A major Herbalife Ltd. (NYSE:HLF) distributor was found dead on Sunday in what the New York Post calls an “apparent suicide.” John Peterson, a 58 year old Herbalife Ltd. (NYSE:HLF) salesman who was at the top of the Multi Level Marketing Company’s pyramid was found in a vehicle outside of his home in Steamboat Springs, Colorado.
According to police spokesperson Ray Birch, Peterson was killed by a single gunshot wound. An initial investigation indicated that the injury was self inflicted. The New York Post said that Herbalife Ltd. (NYSE:HLF) refused to comment on “private family matters.” The company circulated a memo to distributors which said Peterson “passed away suddenly, following a tragic accident at his home.”
The New York Post article on Peterson’s death described the salesman as “picture-perfect,” and “living the Herbalife dream.” The piece describes Peterson as living a “lavish lifestyle,” with multiple homes, expensive vacations and private aircraft.
Peterson was named Herbalife’s top distributor ten times in his tenure at the company. He had been working with the company since he left the real estate business in Houston, Texas in the early 1980s.
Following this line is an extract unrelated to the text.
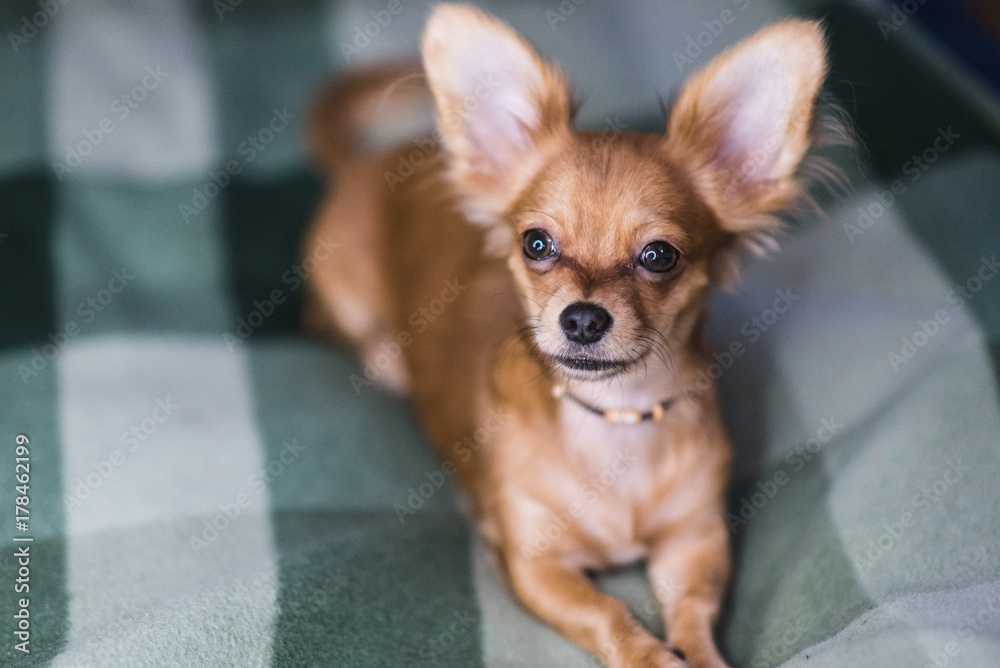 Beautiful close up portrait of an adorable chihuahua dog Beautiful close up portrait of an adorable chihuahua dog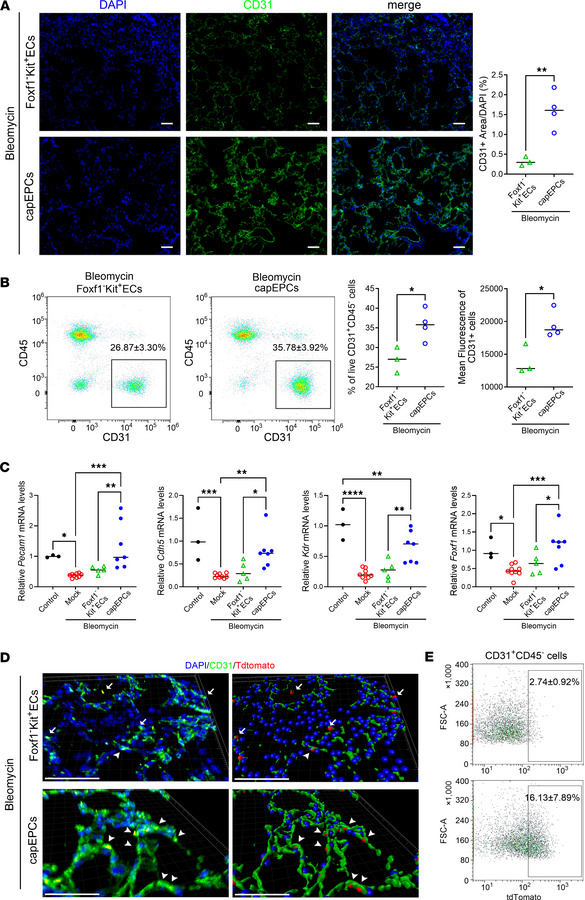 Transplantation of capEPCs increases the number of lung ECs in bleomycin...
Herbalife Ltd. (NYSE:HLF) came to light in the investment world in a big way last December when veteran hedge fund manager Bill Ackman announced he was shorting the company, and called it a pyramid scheme. That short hasn’t gone well, and shares in the company have risen by more than 90% since the start of 2013.
Herbalife Ltd. (NYSE:HLF) has been criticized for advertising the kind of income that people like Peterson were earning as an incentive to get distributors to buy its product. The structure of the company meant that very few of its distributors were able to earn that kind of money however, and that has led the company to be described as a pyramid scheme.